Pitääkö Mun Kaikki Hoitaa? (Do I Have to Take Care of Everything?)
The Voorman Problem
Steve Boeddeker & Richard Hymns All Is Lost
Oliver Tarney Captain Phillips
Glenn Freemantle Gravity – I’ve never understood these two categories and what separates them, no matter how many times they have been explained to me, but Gravity is a technical achievement in every category.
Brent Burge & Chris Ward The Hobbit: The Desolation of Smaug
Wylie Stateman Lone Survivor
Chris Burdon, Mark Taylor, Mike Prestwood Smith & Chris Munro Captain Phillips
Skip Lievsay, Niv Adiri, Christopher Benstead & Chris Munro Gravity – Ditto.
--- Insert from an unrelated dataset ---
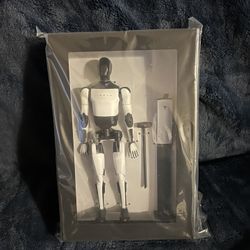 Elon Musk’s Tesla AI Robot Miniature figure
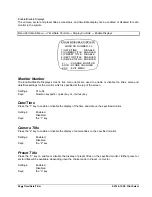 Preview for 68 page of Vicon Pilot Select V1566 Programming Manual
Christopher Boyes, Michael Hedges, Michael Semanick & Tony Johnson The Hobbit: The Desolation of Smaug
Skip Lievsay, Greg Orloff & Peter F. Kurland Inside Llewyn Davis
Andy Koyama, Beau Borders & David Brownlow Lone Survivor
Tim Webber, Chris Lawrence, David Shirk & Neil Corbould Gravity – And once more, because duh.
Joe Letteri, Eric Saindon, David Clayton & Eric Reynolds The Hobbit: The Desolation of Smaug
Christopher Townsend, Guy Williams, Erik Nash & Dan Sudick Iron Man 3
Tim Alexander, Gary Brozenich, Edson Williams & John Frazier The Lone Ranger
Roger Guyett, Patrick Tubach, Ben Grossmann & Burt Dalton Star Trek Into Darkness
WRITING: ADAPTED SCREENPLAY
Richard Linklater, Julie Delpy, Ethan Hawke Before Midnight
Billy Ray Captain Phillips
Steve Coogan & Jeff Pope Philomena
John Ridley 12 Years a Slave – Ridley keeps the period dialog and it’s the perfect touch that keeps 12 Years afloat. It manages to make the movie feel less dramatic and more documentary. It’s a style and cadence of language that American viewers rarely hear, and it lends authenticity to a movie loaded with authenticity.
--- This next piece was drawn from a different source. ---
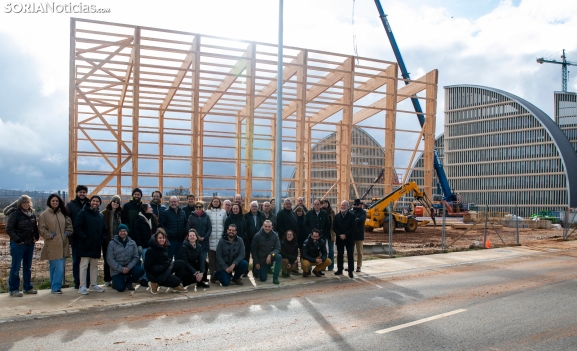 La Diputación eleva su inversión en el proyecto Maderaula hasta los 3,8 millones de euros, asumiendo el 86 % del coste total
Terence Winter The Wolf of Wall Street
WRITING: ORIGINAL SCREENPLAY
Eric Warren Singer & David O. Russell American Hustle
Woody Allen Blue Jasmine
Craig Borten & Melisa Wallack Dallas Buyers Club
Spike Jonze Her
Bob Nelson Nebraska – Nebraska felt like home to me. My family is originally from South Dakota and I have spent time in these living rooms, had these conversations, witnessed these arguments and behaved this way. Every word rings authentic and true, and that is not an easy thing to do. Sometimes I feel that invoking reality is much harder than creating fantasy because the critics are much harsher and have more firepower. A conversation I commonly had over Nebraska was how true to life it was. That’s quite a hallmark in my book.